La fée Babouchka ramena Janick à l’école. La neige toujours la neige ! Mais cette fois ci, il faisait jour ! Ses camarades n’étaient plus là. Janik réclama son amie Margueritte et la chercha mais en vain. La fée lui dit qu’elle est morte. Elle réclama ses parents. Elle attendait devant le portail, Ambra venait se frotter à ses chevilles et comme ils tardaient à venir et que la nuit allait tomber, elle s’aventurera dans la forêt où elle découvrit une tombe au milieu de fougères : Janick 1932-1939 était gravée sur la pierre tombale.  Ambra miaula d’une petite voix plaintive. La fée Babouchka était derrière elle, elle s’approcha d’elle doucement et elle l’a serra dans ses bras.

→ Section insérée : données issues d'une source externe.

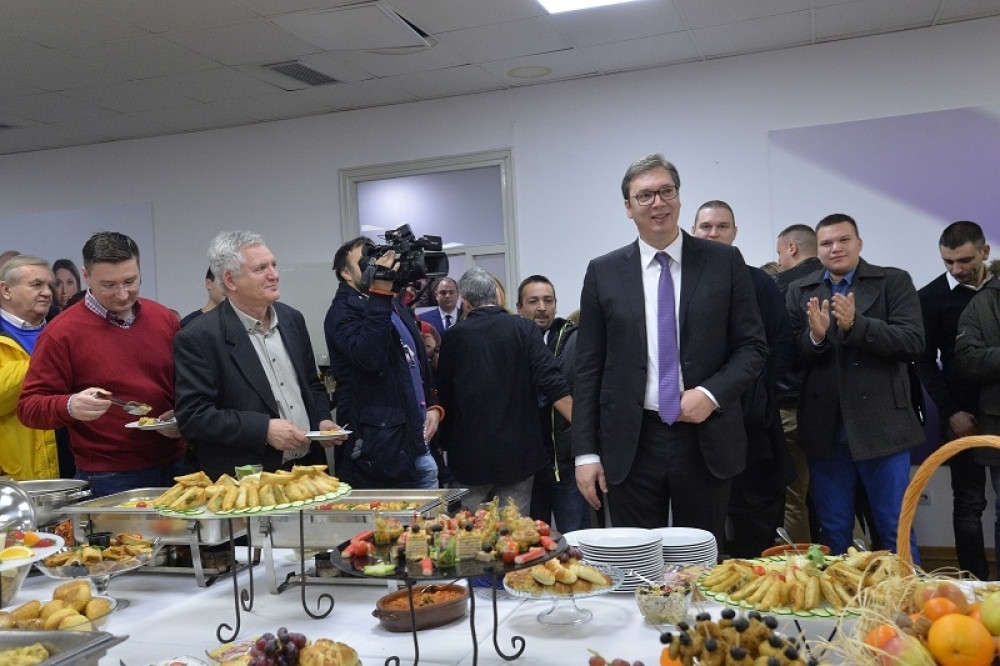 Vučić poručio naprednjacima da se spreme za tešku borbu! (FOTO)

« Tu n’arrivais pas à apprendre à lire et on ne savait pas trop pourquoi car tu semblais intelligente. Tes parents travaillaient à l’hôtel de la plage. Un jour ta mère Marine n’est pas venue te chercher à l’école parce qu’elle était malade. Elle ne mangeait plus parce qu’elle avait beaucoup de chagrin, ton père Hugues ne l’aimait plus et il n’était pas gentil avec elle…Personne n’est venu te chercher. Alors tu es allée faire de la balançoire et puis tu es tombée parce que tu étais faible. Tu étais trop peu couverte : Ce matin de décembre 1939, ta mère n’était en état de te  préparer pour aller à l’école. Tu ne comprenais pas bien la situation, on ne t’expliquait rien mais tu avais une terrible sensation qui flottait en toi : une angoisse. Ce jour là, la maîtresse t’avait prêté un châle mais le soir après l’école tu attendais, tu attendais ta maman. Le châle a glissé de tes épaules et l’angoisse était plus importante que le froid. Tu as fait de la balançoire pour te distraire de l’angoisse, de plus en plus haut, alors que la nuit se levait et tu as chuté. »

Janick sanglota. Ambra se frottait contre elle, en ronronnant, puis la chatte emprunta un sentier dans la forêt, la fillette se releva et suivit l’animal qui semblait l’attendre. La neige tourbillonnait. Janick descendit dans la terre parmi les feuilles mortes, elle s’enfonçait dans la terre et elle était absorbait, elle s’étouffait en avalant de la terre, c’était une sensation douloureuse mais une autre elle, semblait au contraire  s’élever dans les cieux : elle était projetait. 

Elle était dans le carrosse à côté de la fée Babouchka et en haut du chemin de la montagne, Janick apercevait par la fenêtre : un château. Le chevalier que Janick avait vu en rêve l’attendait devant le portail du château et il embrassa la fée Babouchka. Il avait de longs cheveux noirs. Le chevalier salua Janick. Lui et la fée l’accompagnèrent dans ses nouveaux appartements et la laissèrent seule.  Janick avait une chambre dans le ciel avec un feu de cheminé. Ambra était couchée sur son lit à baldaquin. Dans Le miroir de la coiffeuse elle vît qu’elle avait grandi : ses cheveux étaient plus longs, son visage plus rond et apaisé, sa taille était très fine et elle avait une petite poitrine. Elle n’avait plus sept ans. Son cou était fin et elle portait une libellule en pendentif.